Automatic license plate readers are used all over the country, the Electronic Frontier Foundation watchdog group says that more than 100 of the systems streaming live on the web, potentially compromising personal information of countless Americans, according to Fox News.
An EFF study found that hundreds of the systems tracking the movements of cars, and also scans license plates and generates personal data on the car’s registrant, was being posted online without even password protection.
License plate readers are used in conjunction with law enforcement – and a car’s license plate can be used to track down the owner.
The information is used for everything from issuing traffic tickets to finding murderers.
However, EFF implies that the technology is being used to monitor activity of law-abiding citizens and compile databases.

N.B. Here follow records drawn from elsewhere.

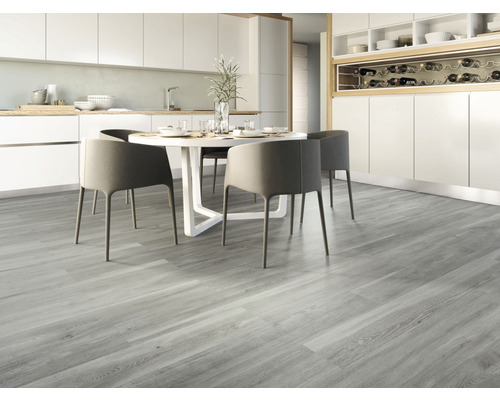 Heller Küchenbereich mit Esstisch und Vinylboden in Holzoptik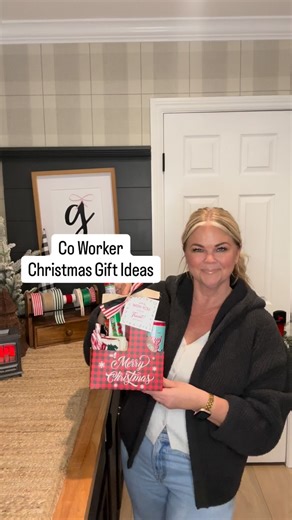 Kaycee Greer | Co Worker Gift Ideas & Gift Guide! Follow along for gift ideas for everyone on your Christmas shopping list🎄🎁 ❤️Comment Shop for a link to... | Instagram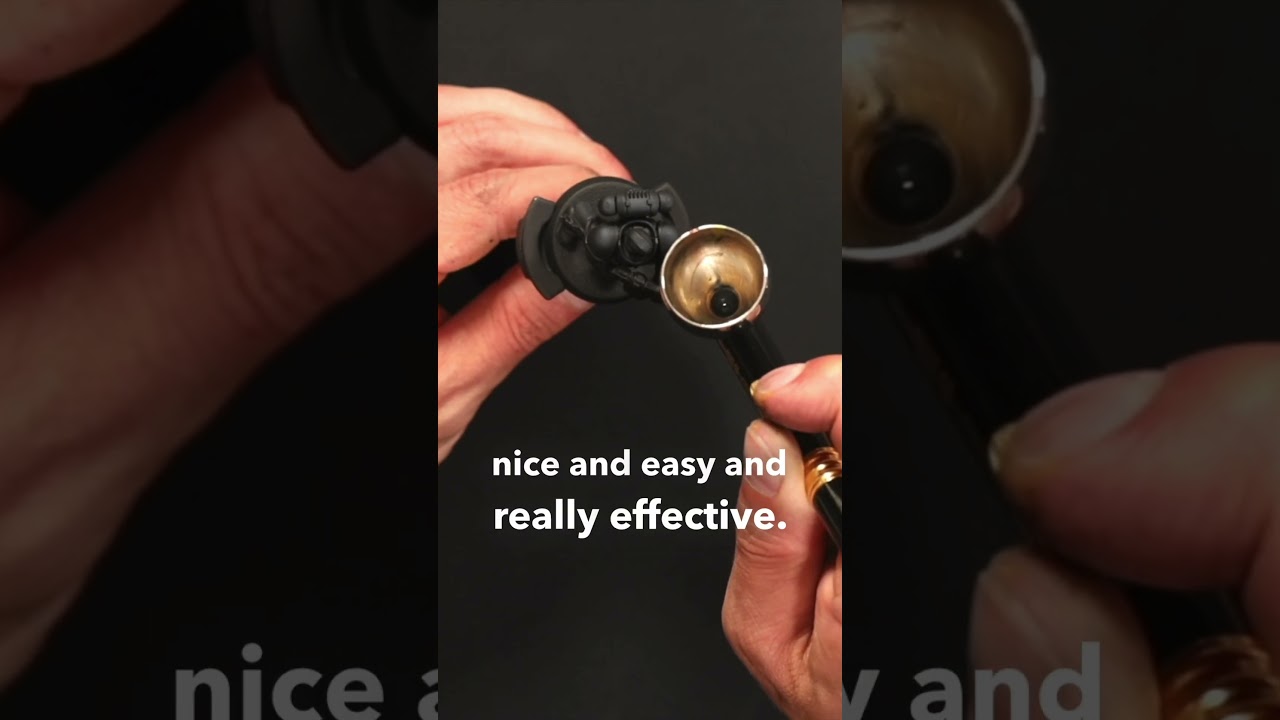 Effortlessly Paint Black with the airbrush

It says that cameras were trained on a University of Southern California frat house, while another was trained on a Florida gun shop.
‘Anyone in favor of the Second Amendment, I’m sure, could have a problem with that,’ Dave Maass, an EFF researcher and co-author of the report told the outlet.

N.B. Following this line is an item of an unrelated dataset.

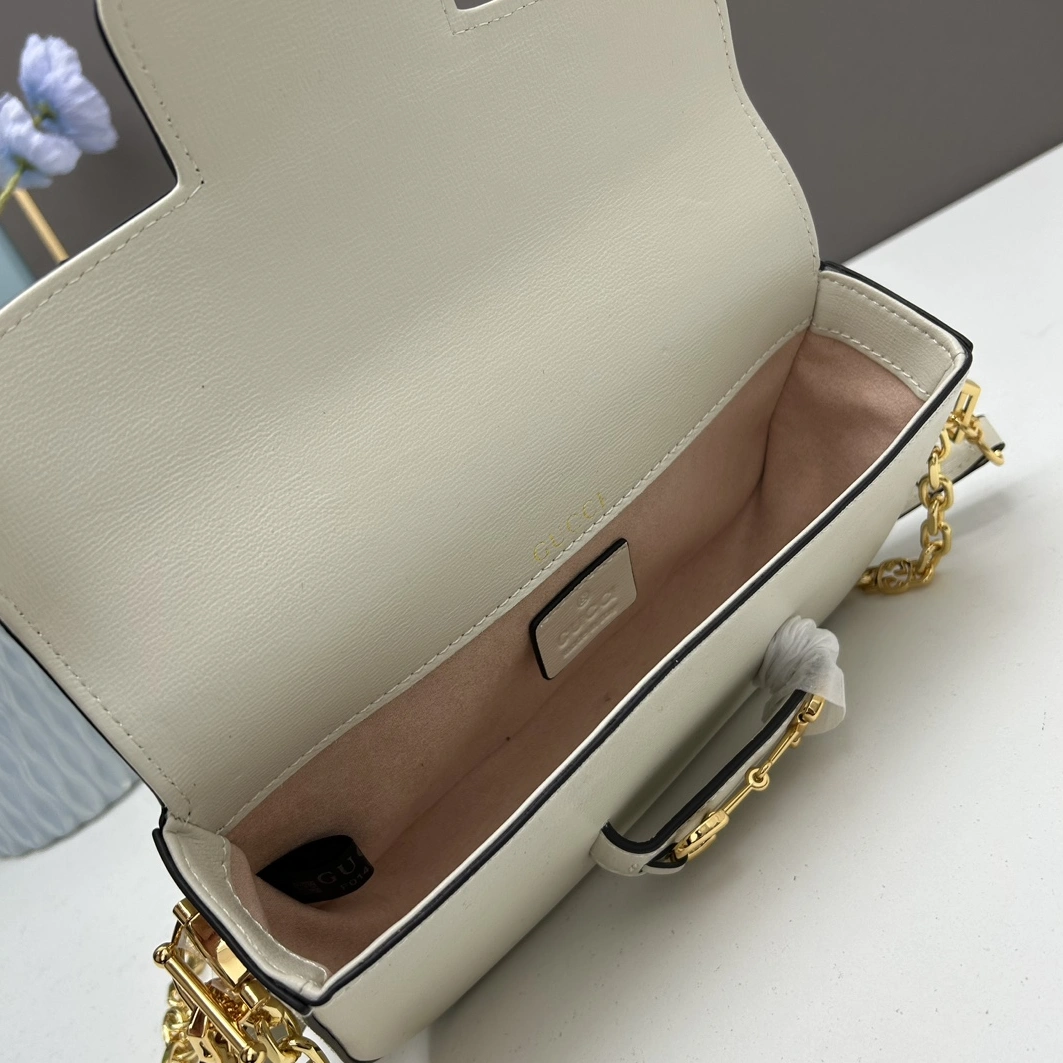 Refined 1382 Gucci AAA Quality Messenger Bags For Women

EFF says that if you plug certain keywords in Shodan, an online search engine, it retrieved hundreds of PIPS [manufactured] camera systems connected to the Internet, often with control panels open and accessible through a Web browser with no password protection.
This means that anyone can simply log on and watch cars and then retrieve personal information about the registrants.

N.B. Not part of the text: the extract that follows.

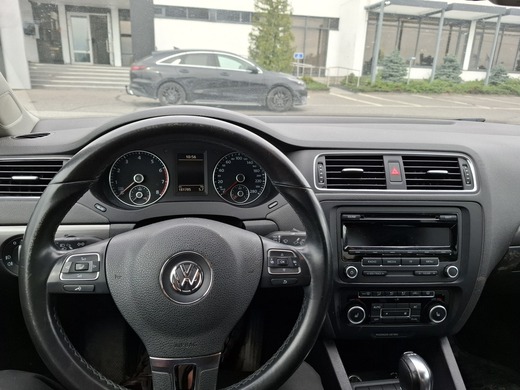 Volkswagen Jetta vaihtoauto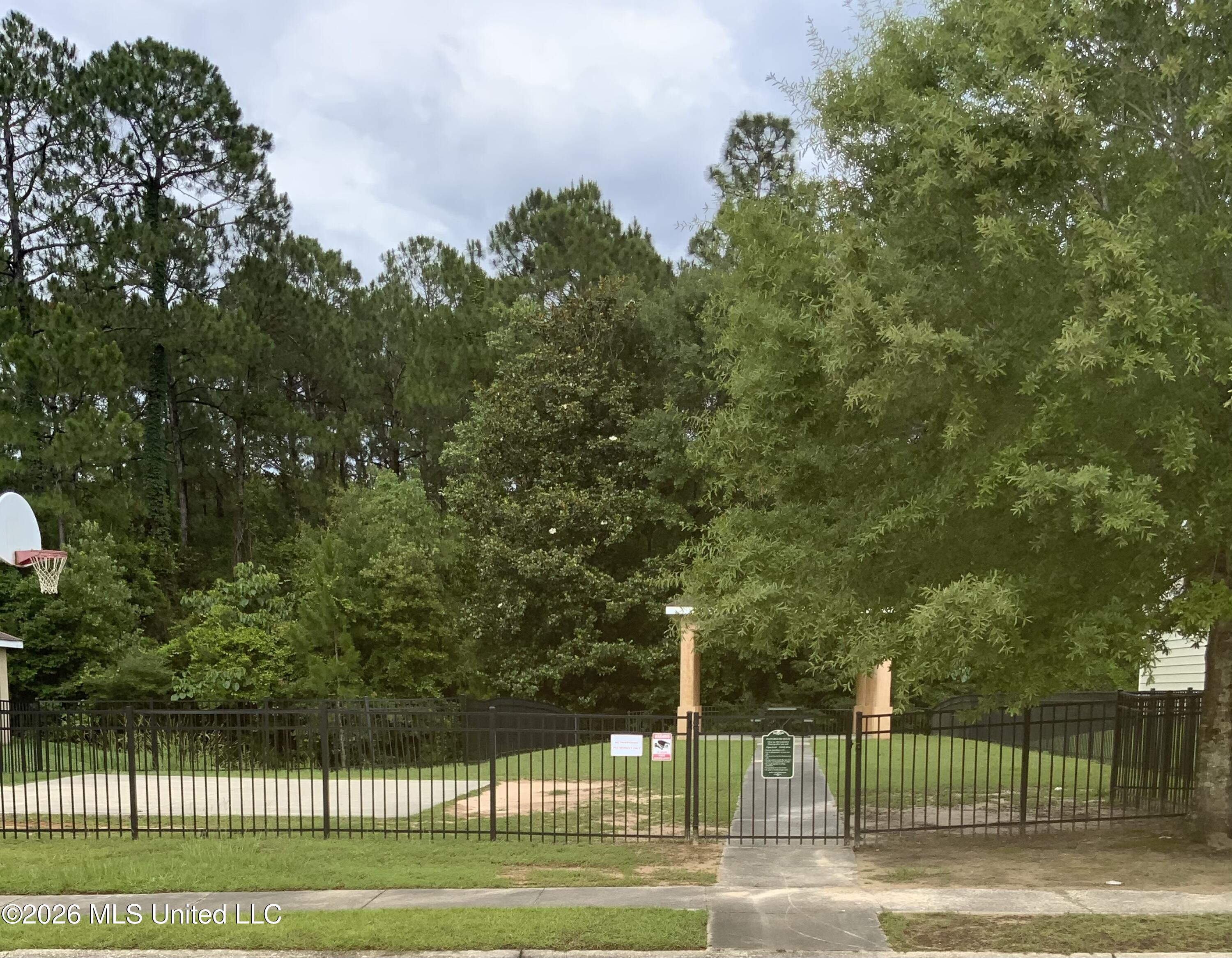 13393 Willow Oak Circle Property Photo 2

PIPS Technology, which makes the cameras, is owned by 3M.
3M released a statement to Fox News saying that security features within the technology would prevent this happening – and it’s up to law enforcement to implement those security features.
But Maass says this is merely passing the buck, and that bypassing or not implementing the security features shouldn’t even be an option, and that this is a flaw in the system’s technology.
EFF says that their goal in releasing this report is to get law enforcement to strengthen the security of PIPS technology.
For years, privacy groups have complained about license plate readers, which can scan tens of thousands of plates per day – potentially reporting on the activities of millions of law abiding citizens.
Law enforcement has historically been uncooperative in unveiling who can see the compiled information and why, according to a American Civil Liberties Union reported titled ‘You are being tracked.’
The ACLU says the information is being stored with no accountability as to where or why.
‘We have a problem with these large dragnets,’ ACLU policy analyst Jay Stanley told Fox News. ‘We also don’t like when departments store the data for years.’
Police, however, say the cameras keep the public safe and save taxpayers money.
Kenner, Louisiana police chief Michael Glaser, whose department EFF said allowed footage to be streamed unprotected online, told Fox News: ‘[The cameras] help us with everything – homicides, stolen cars …’
In 2014, Joseph Humbles, 21, was convicted in Kenner for the murder of Walter D. Bailey, which happened in 2010 during a robbery.
He also shot Bailey’s unnamed friend, who survived.
Humbles, who only netted $10 from the robbery, shot the victims when they ran away, according to Nola.com.
He was eventually nabbed by cops using a license plate reader.